Sunday, June 30, 2024

The Early Iron Age Revival of the State, XXXII: Safety Pins

 


A copy of Aphrodite the
Warlike, perhaps the
cult statue in the temple
of Aphrodite Areia on the
Acrocorinth
Kamloops was wonderful, thanks for asking! The weather this year was as different from last year's heat dome as it is possible to imagine, to the point that I was actually cold outside on a few occasions, and there was still snow in the cols along the Coquihalla on the way home, where I saw a single brave bicyclist, and headed east at that. (The still-not-fully repaired damage from the flooding has removed much of the shoulder on some climbs on the west side of the summit.) So that's that question answered!

Another question, which occurred to me in reverie (five hour bus trips are long trips, especially out of cell coverage on high passes, and I decided not to haul out my gaming tablet): What would the collapse of the Bronze Age order look like in real time to a contemporary?
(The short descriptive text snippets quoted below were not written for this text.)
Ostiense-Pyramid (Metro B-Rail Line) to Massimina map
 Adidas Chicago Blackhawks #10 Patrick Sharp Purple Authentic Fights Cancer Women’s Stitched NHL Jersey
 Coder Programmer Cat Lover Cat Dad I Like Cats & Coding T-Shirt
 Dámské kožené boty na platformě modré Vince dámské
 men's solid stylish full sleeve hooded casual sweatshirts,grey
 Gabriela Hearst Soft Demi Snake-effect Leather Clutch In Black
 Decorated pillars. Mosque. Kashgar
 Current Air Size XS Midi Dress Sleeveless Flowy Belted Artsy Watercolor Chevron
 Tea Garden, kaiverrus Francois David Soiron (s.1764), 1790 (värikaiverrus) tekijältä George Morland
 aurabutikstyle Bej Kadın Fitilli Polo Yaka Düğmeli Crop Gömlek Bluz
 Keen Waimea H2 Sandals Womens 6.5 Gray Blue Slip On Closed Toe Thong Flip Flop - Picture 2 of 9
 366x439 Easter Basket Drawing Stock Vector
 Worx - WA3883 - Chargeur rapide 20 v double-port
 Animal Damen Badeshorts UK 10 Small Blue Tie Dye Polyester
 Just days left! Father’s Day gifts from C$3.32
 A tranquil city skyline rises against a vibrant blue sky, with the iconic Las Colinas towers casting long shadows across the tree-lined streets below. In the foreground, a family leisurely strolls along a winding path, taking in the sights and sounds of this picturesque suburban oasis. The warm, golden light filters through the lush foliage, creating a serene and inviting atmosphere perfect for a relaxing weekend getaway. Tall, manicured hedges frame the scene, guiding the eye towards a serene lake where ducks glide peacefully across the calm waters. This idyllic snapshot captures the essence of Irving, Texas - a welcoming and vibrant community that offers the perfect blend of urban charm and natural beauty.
I'm aware of two polished arguments presenting a model that allows us to impose something like a class-struggle revolution. Can they be reconciled with a model in which prestige languages suddenly feel compelled to identify the feminine/belonging to the Goddess, and to borrow from even more prestigious Afro-Asiatic models to do so? That is, a functional model for a parallel adoption of a feminine gender, as opposed to a generative one (feminine endings proliferate because they feel good to say, is my doubt inaccurate summary.) 

The two models are those presented in Niall Sharples' Social Relations in Later Prehistory: Wessex in the First Millennium BC, where social revolution is presented as emergent from the archaeological data, and Baruch Halperin's "geocentric revolution," where we get a top-down or superstructural account of what might be seen in an archaeologically-informed way as the rise of the urban sanctuary, a revolution in which a transition from the flat to the round earth provides the cosmological underpinnings to a new model of  governance: a model that is going to be complex enough that I'm probably just riding a hobby horse in narrowing it down to urban sanctuaries. (Quick, Classical historians: Define "republic"!) 

If I narrow "urban sanctuaries" down to the single best preserved one, I can rope in another prominent work of recent years, Joan Bretton Connelly's unlike publishing sensation, The Parthenon Enigma. Connelly's c tramp around the well-preserved and repeatedly excavated Acropolis of Athens example generates, at least according to her, some real insights. I'm here for her vision of the maidens of Athens dancing in the pannychis of the Panathenaia, on, she supposes, a Bronze Age-era "performance space" consisting of an paved, enclosed plaza on the flank of the Erechtheion , under the Hyades in the night sky, imagined as the daughters of King Kekros, "suspended" in the sky because they have leaped to their deaths from the battlements of the Acropolis' old cyclopean walls (265ff). There's a lot more to the monograph's presentation of the Acropolis as embodying myths of human auto-sacrifice and the ways in which these myths empowered Athenians, especially Athenian women, and underpinned the Athenian republic's insistent demands for social solidarity, but I got there via the image of the maidens dancing and the "Queen of the Night." .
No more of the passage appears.